2. 3D Projection Mapping. I used to think projection mapping was the same as projection masking but it is not. Masking is when a projector or surface is altered to accommodate an image, like tape put on a projector to mold the picture to a particular architectural element. Projection Mapping is when abnormal surfaces or shapes are projected onto. 3D Projection Mapping is a system of elaborately imaging a structure or space and creating programmed, multi-dimensional seeming projections that are able to (usually) interact precisely to that space.
The creative end of 3D projection mapping really is in its infancy, the content is not particularly artful, often a pure advertisement or dance-like abstraction and EDM (or whatever) seems to be the preferred soundtrack for the medium...but there is intense potential for visual storytelling here!!! Imagine if going to the movies meant sitting in a space in which the whole theater was exquisitely mapped, events unfolding around you? Personally I prefer this to any Oculus Rifting...but maybe it's because, despite the hi-techness of it, there is still a real, communal physicality taking place, a large scale, immersive augmented reality that could maybe be a new movie going experience?
3. Wenders is coming back with 3d! This time a fiction film! Called Everything Will Be Fine! Sheesh....this guy....! After experiencing Pina and his groundbreaking use of 3d- seeing it as a new, beautiful tool to tell a story with as opposed to simply a special effect that sits atop a movie to instill shock & awe- I am beyond excited to see what he does with a narrative...and a narrative in which there is a car crash!!!! Ok...I like some shock & awe: BUT IT WILL PROBABLY BE BREATHTAKING AT LEAST! Also, Fact: Wim Wenders is hotter than Franco!
4. The New Museum is having a panel/book launch for what looks like a great tech-moving-image title, The Emergence of Video Processing Tools. It seems the book charts the co-opting & creation of electronic tools for creative moving image production. And it doesn't seem to be a loose overview of the intersection of art & tech either, the book looks like it ponders larger questions regarding obsolescence, aesthetics, history (manifestos anyone? shudder....), & the distinct communities that evolved during the onset of machine/tool imaging in the 60s & 70s.

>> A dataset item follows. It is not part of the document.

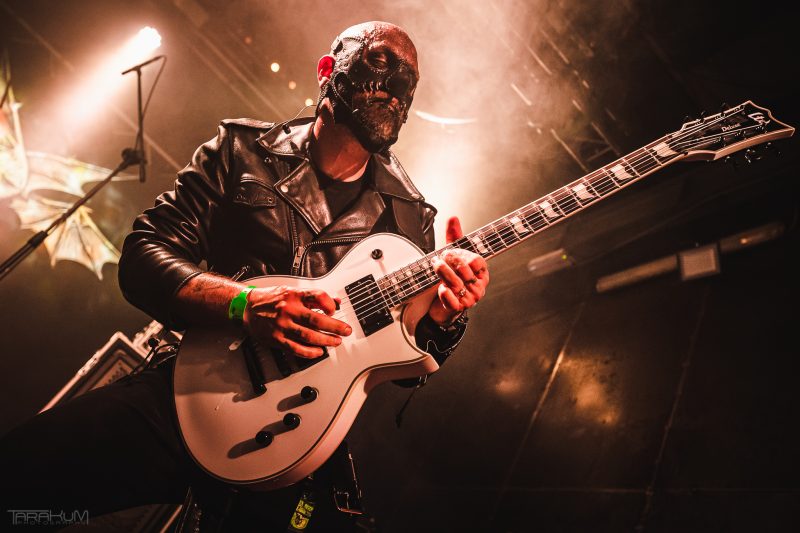 Mystic Festiwal 2023, Gdańsk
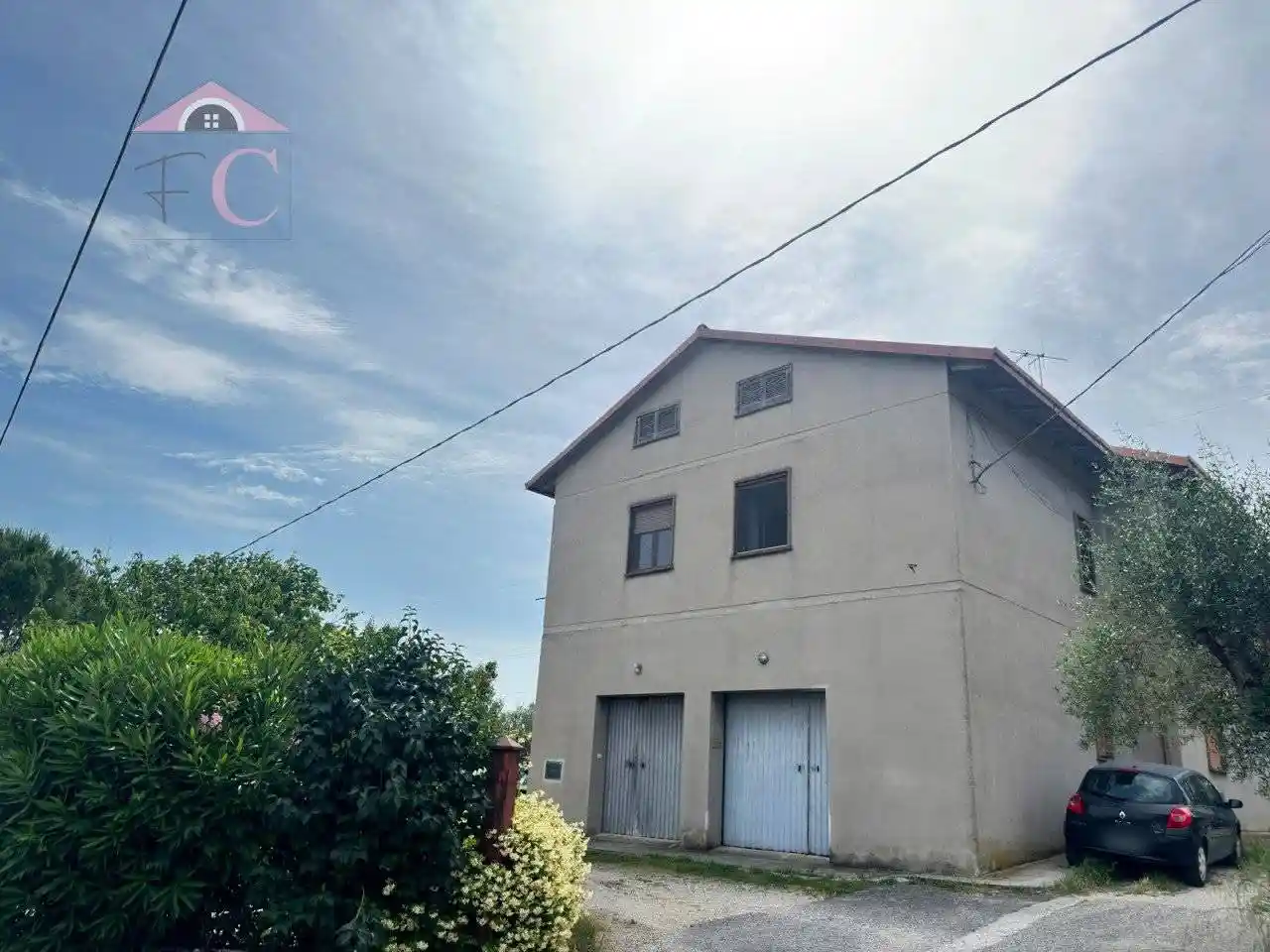 Attico - Mansarda in vendita a Narni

A resource that thinks about tech art in an art historical and a tech historical sense as opposed to the general/trendy (remember New Aesthetic?) language the genre has been breeding is vital! Maybe I can convince my smalltown library to buy this book, no? The discussion & book launch take place on July 13th at 3pm at The New Museum, NYC.

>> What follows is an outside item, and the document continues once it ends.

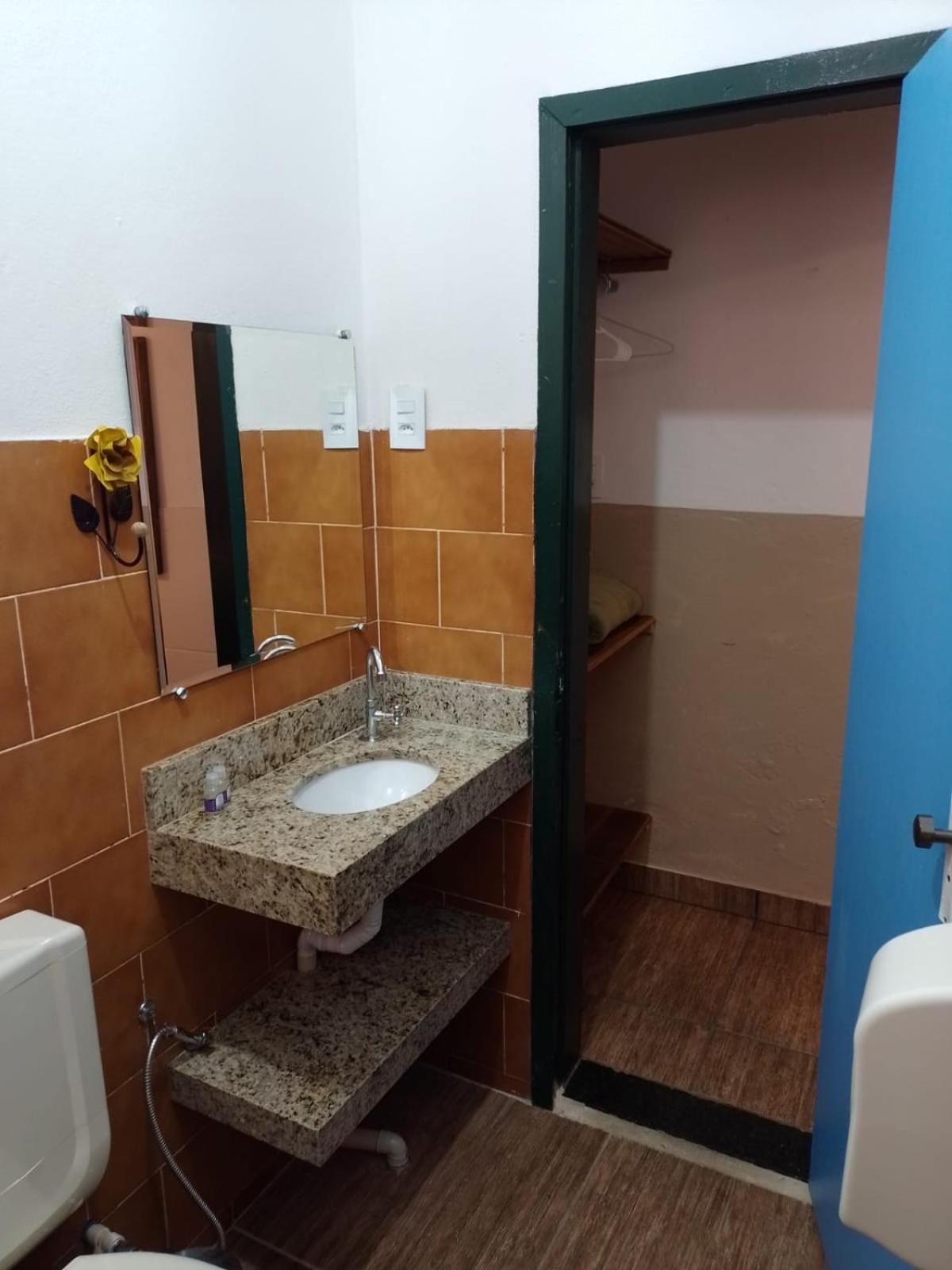 Pousada Recanto De Minas - No Centro Tiradentes Eksteriør billede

5. This Friday, the 11th, in Baltimore (and traveling to a city maybe near YOU!) a bunch of the lo-fi, lo-res tech that is mentioned above will be put to use at The Basement Media Fest, being presented by Sight Unseen at The Holy Underground. I have no idea what any of this means but who can resist a description that includes this: COME ENJOY SOME 100 YR OLD TECH IN A STATE OF THE ART CONVERTED BODEGA THEATER.///WARNING/// SUM OF THESE MOVIES FEATURE FLICKERING LIGHT AND RAPIDLY
CHANGING MOTION. MAY CAUSE SEIZURES/MOTION SICKNESS. IF YOU HAVE TO SPEW, SPEW IN THIS.

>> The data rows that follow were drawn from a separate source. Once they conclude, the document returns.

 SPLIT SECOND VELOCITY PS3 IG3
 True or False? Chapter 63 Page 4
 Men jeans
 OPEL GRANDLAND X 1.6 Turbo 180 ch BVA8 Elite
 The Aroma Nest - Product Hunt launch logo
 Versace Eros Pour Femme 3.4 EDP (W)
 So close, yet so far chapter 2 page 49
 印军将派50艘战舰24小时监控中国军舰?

I had this weird feeling the other day about how dated our CGI of now
might be in a few decades. Will we look back & laugh (like I do at
Titanic )? Will our tools continue to improve? What does the definition
of "improve" even look like when we can invent machines that can create things our eyes can't even see? How scientific advancement can inspire, improve, move beyond a human realm of existence, or even just create plain joy will never, ever stop being fascinating to me.